By the time we were married a couple of years later, politics were still a huge part of our lives and discussions, and although Dean was still a Democrat, he was starting to let go of some of his liberal leanings.
During the 1992 presidential election, I was uninspired by President Bush (the elder) and not so convinced about third-party candidate Ross Perot, and so I personally did something unthinkable: I registered as a Democrat and voted for Bill Clinton for President of the United States. Dean voted for him as well. I was "inspired" by his wife Hillary's "advocacy for children" (I had a baby by then), and I convinced myself that her pro-abortion views could be ignored because of how much she "helped" born children. (I know, I know. But it gives me insight into others who use the same arguments today.)
Dean knew within
one day of voting for Bill Clinton that he had made a huge mistake. I was more optimistic for a few months, but by the time Clinton gave his first State of the Union address, I was filled with regret. I re-registered as a Republican and never looked back. Within a couple of years, Dean registered as an Independent, and by 1997, he was a registered Republican.
Although still registered Republicans, Dean and I have long been disgusted with the establishment Republican Party, and consider ourselves "conservative" more than any other political label.
Dean's career path has kept him in the mix of politics.
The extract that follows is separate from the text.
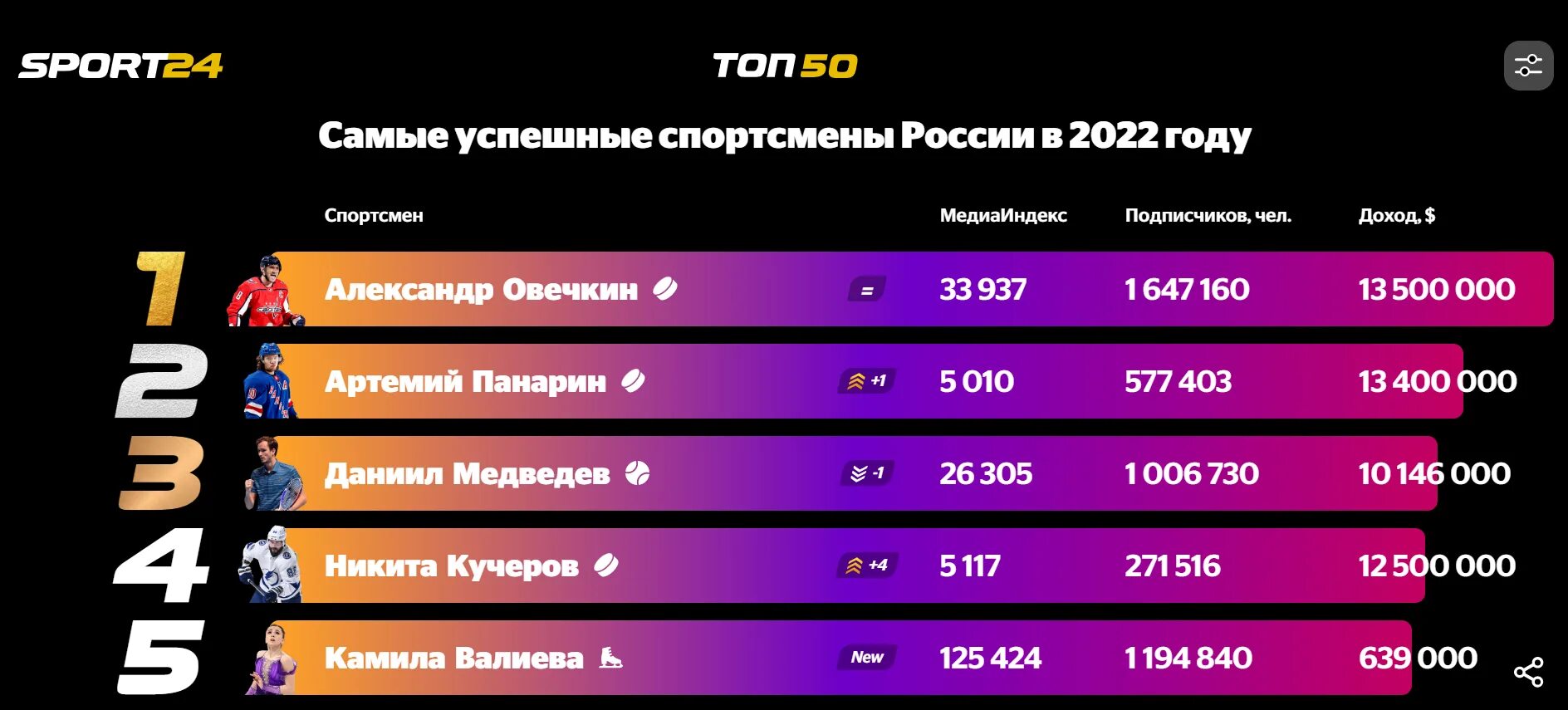 Самый дорогой спортсмен. Топ 10 российских спортсменов. Рейтинг самых оплачиваемых спортсменов. Самые дорогие спортсмены страховки. Дорогие спортсмены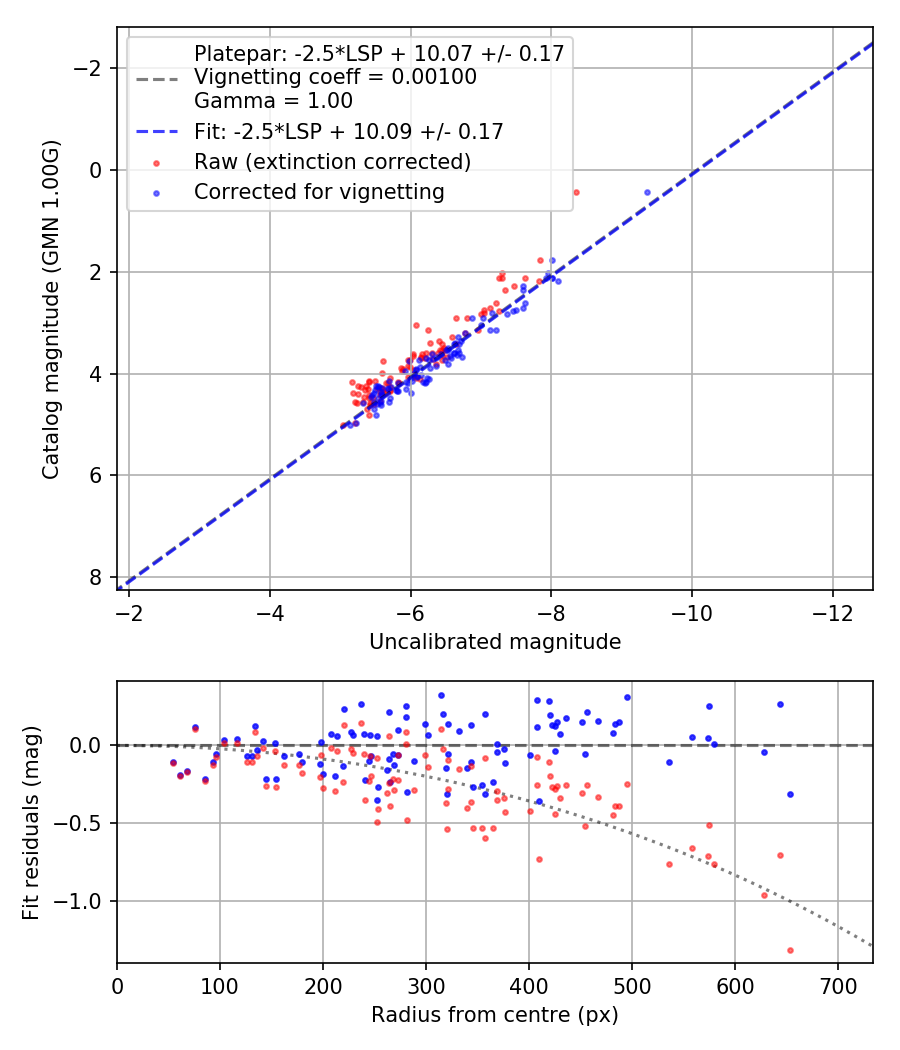 Photometry report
His first job was for a non-profit taxpayer watchdog group, and then he worked in state government for a long time (Arizona Department of Commerce, Arizona Corporation Commission) before moving to the private sector of consulting and lobbying. He helped to draft and pass many bills within the Arizona Legislature during those early years, has worked with countless politicians and private businesses on regulatory issues, and knows a lot about the process and the people.
Meanwhile, my public writing began in 1994 when I became an editorial columnist for
The Arizona Republic, and my co-writer Kim Manning and I discussed and dissected politics as a matter of course. In fact, it was the exercise of writing about truth and goodness through a political lens
that brought Kim to Catholicism and me to a full embrace of Church teaching and practice.
As you can see, there is a deep history and love of politics in the Miller home, and a passion for the direction of our beloved country. So when folks suggest that I become less political, I can honestly say that I don't see that happening. And, I wouldn't want it any other way.
Our Catholic Faith encourages and even obligates us to be engaged in the public square, and so long as I am not transgressing the moral law or the laws of our Church while doing so, I am happy to oblige.
God bless America! It is a privilege to live in this still-great land.